I cannot think of a more brutal enemy than ISIS. Nor can I think of a more irrational opponent. They really do believe that they can return the world to the dark ages. The only thing just governments can do is to execute them as soon as possible. This is something that every sensible person in the Middle East must believe. That is why Donald Trump’s speech to the 40 or so Middle Eastern leaders gathered in Saudi Arabia was of exigent importance.
A week later, he flew home to pay tribute to our noble dead on Memorial Day. At Arlington National Cemetery, he said to the assembled gathering, “Thank you for joining us as we honor the brave warriors who gave their lives for ours — spending their last moments on this earth in defense of this great country.” It was an extremely moving speech, and he ended with: “Today we also hold a special vigil for heroes whose stories we cannot tell, because their names are known to God alone — the unknown soldiers.” It was a beautiful speech: sad, dignified, just right. I read it three times in search of an appropriate greeting for Memorial Day. I did not get a hint as to what the appropriate greeting on Memorial Day should be. Do not feel bad, Mr. President, there is not a hint of it in the Gettysburg Address either. I looked.

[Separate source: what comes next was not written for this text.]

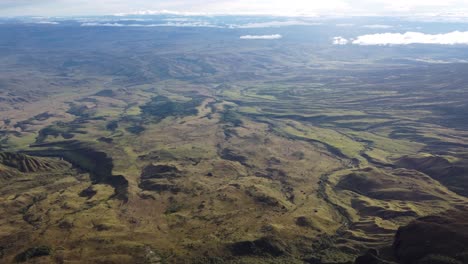 Vista-Aérea-épica-De-La-Gran-Sabana-Verde-De-Venezuela-Desde-La-Distancia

Probably there is no greeting that is appropriate for Memorial Day. Possibly this is one of those occasions for which there are no words to do the day credit. Can you, my readers, come up with any? All we can be sure of is that, on this Memorial Day, many American heroes were no longer with us. On future Memorial Days, many more will also be gone. War is always hell, but sometimes it summons the best in people. Without the hell of war, American freedom would be doomed.